I take the opposite approach of some on the tenon vs recess. I do use a tenon on some small items; I have never heard of anyone crushing a tenon but many have broken off along the grain. Using a recess with 2" jaws, there is three times the amount of wood holding the item on if there is one inch around the jaws. The area of a 2" tenon would be about 3"; the area of wood in a recess (after subtracting the tenon area) would still be about 9" or three times as much.
For anything over 20" I would go with a 6" faceplate.

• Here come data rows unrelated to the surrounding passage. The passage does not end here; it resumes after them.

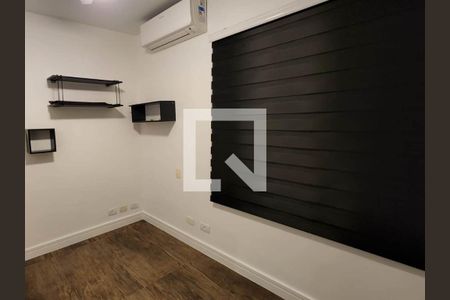 Casa à venda com 4 quartos, 200m² em Ipiranga, São Paulo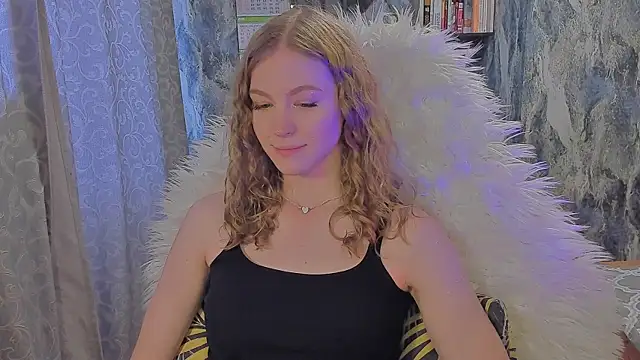 JuxxxsyBunx online show from 13, 10, 2025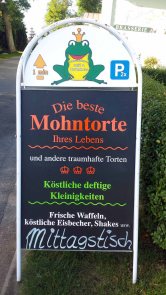 Eine Legende die Mohntorte des Cafes Froschkönig in Middelhagen (c) Frank Koebsch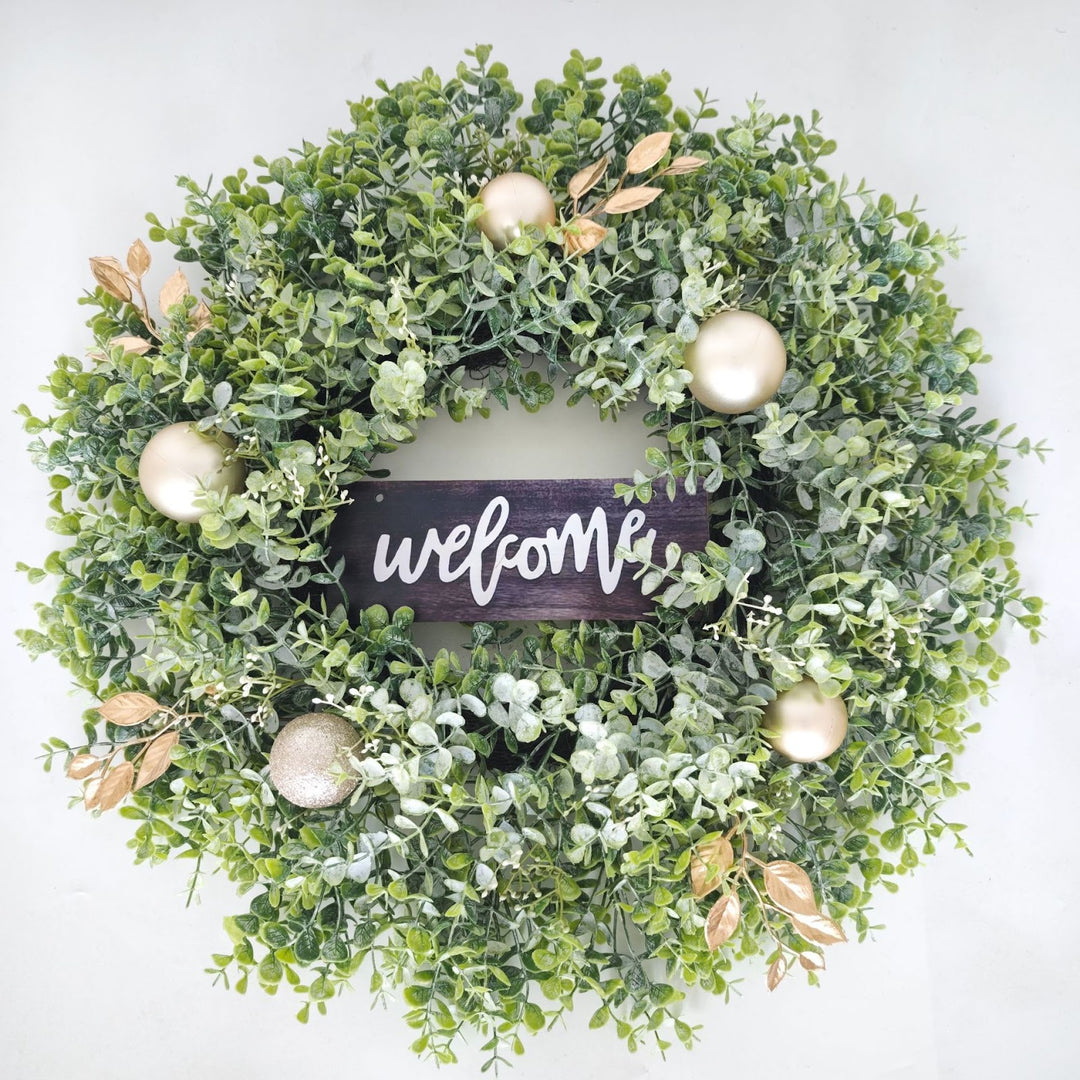 Weihnachtlicher Eukalyptus-Kranz mit Welcome-Schild 60 cm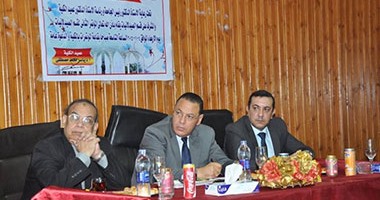 رئيس جامعة قناة السويس يفتتح المؤتمر العلمى بكلية الصيدلة
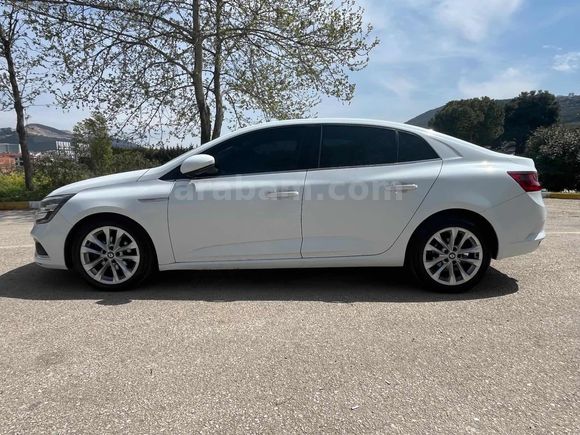 BURAK ŞAHİN OTOMOTİV'DEN SATILIK 2018 MODEL MEGANE 4 ICON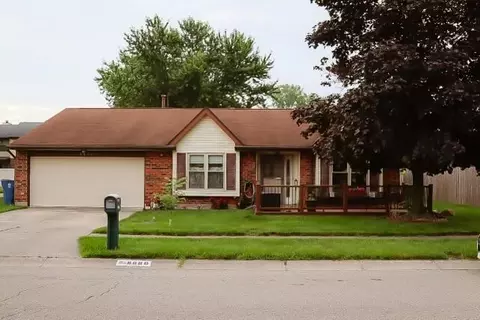 8880 Cypressgate Dr, Huber Heights, OH 45424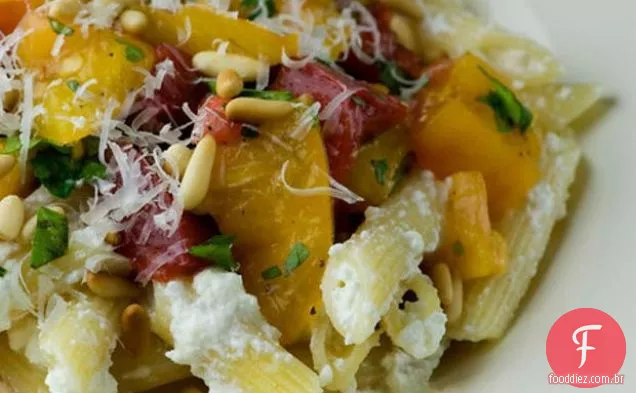 Macarrão Com Ricota E Tomate Herança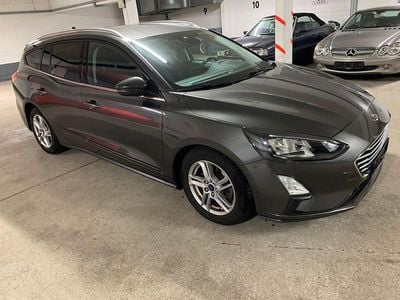 Używany Ford Focus Cool & Connect 120 KM (88 kW) 2020 Szary Sedan/Limuzyna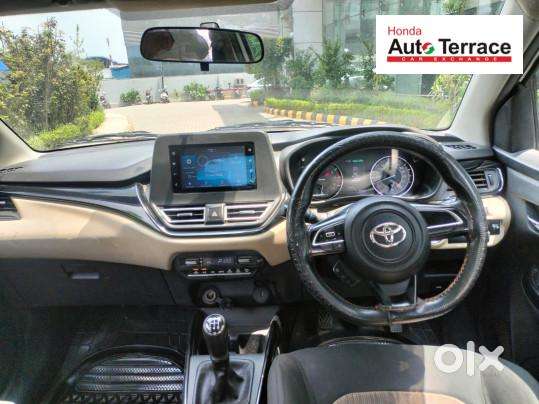 Toyota Glanza V Cvt, 2023, Petrol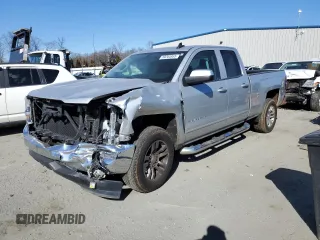 2016 Chevrolet Silverado 1500 LT with VIN 1GCRCREC2GZ329388, listed as a Copart auction lot 89204955 with 133,503 mi miles and Salvage Title. Bid and sale history available at DreamBid. Image 1.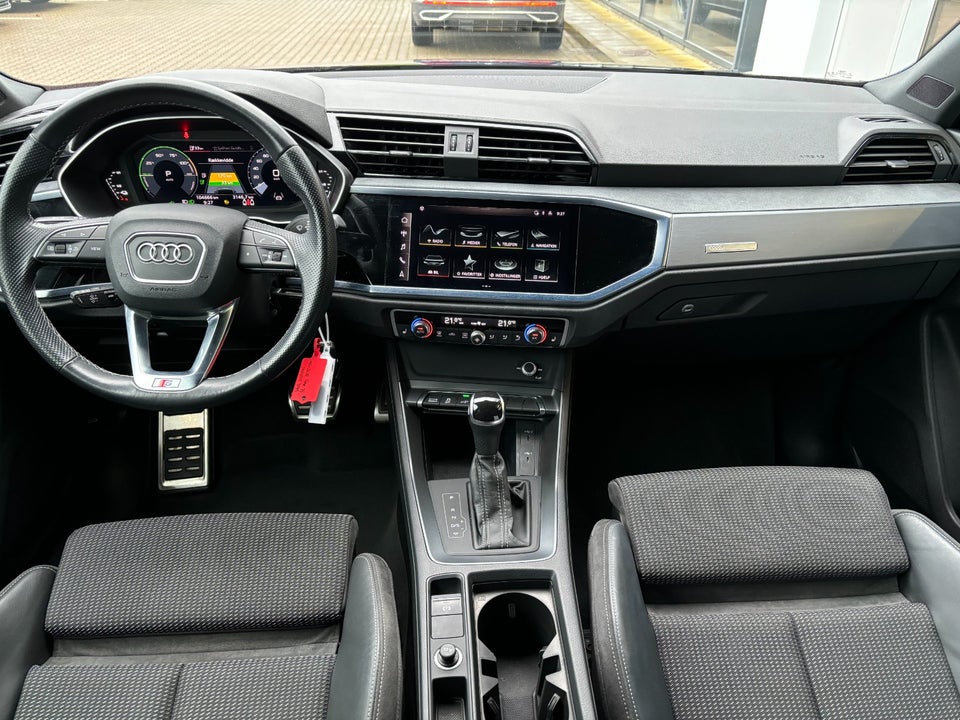 Audi Q3 45 TFSi e S-line+ S-tr. 5d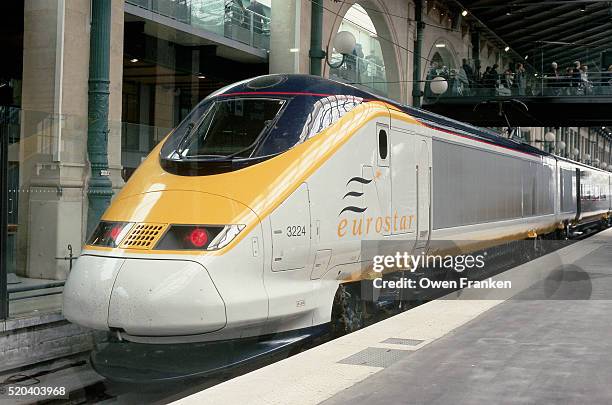 eurostar train at the gare du nord - eurostar stock pictures, royalty-free photos & images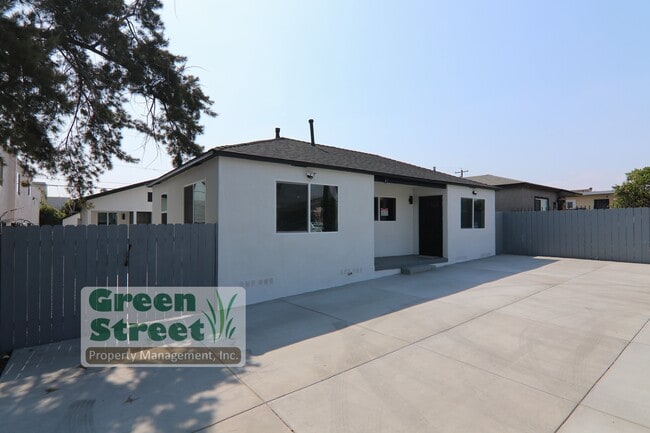 Building Photo - 3847 Menlo Ave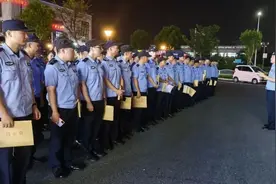 隐姓埋名潜逃二十多年！落网！图片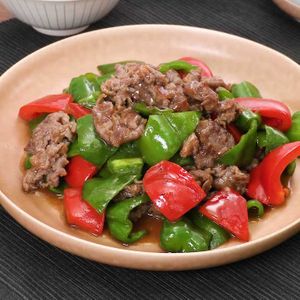 「牛肉とピーマンの青椒肉絲風炒め」のレシピ動画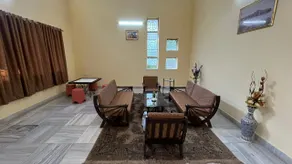 Palm Groove Holiday Home - Image 3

I agree with the Clewes example, I saw a demo by him and he_ started __at 3,200. Eveyone lookup for the helicopter coming in._


----------



## Mike Jones (Apr 16, 2013)

DKMD said:


> I've done platters up to about 18", and the outer core of the bowl I sent you which was about 16"... Neither of those is massive, but the same principles apply: Wear protection, stay out of the line of fire, and use your noodle. Large blocks of suitable wood are harder to source for me, and the appeal/utility of giant turnings is somewhat limited... I don't know of too many people who consistently turn massive things probably for those reasons.
> 
> The large turnings I've done have been less frightening than some off-center/eccentric things that I've tried. The Asian style lidded box that Jimmy Clewes is known for is a good example... It's only about 8 or 9 inches at it's largest dimension, but the damn thing sounds like a turbo prop when you crank it up to 2000 rpms.[/color]




This is my interpretation of a Jimmy Clewes Asian style box.
[attachment=23251]


----------



## jimmyjames (Apr 16, 2013)

Dang that looks spectacular mike! Looks scary to turn as well!


----------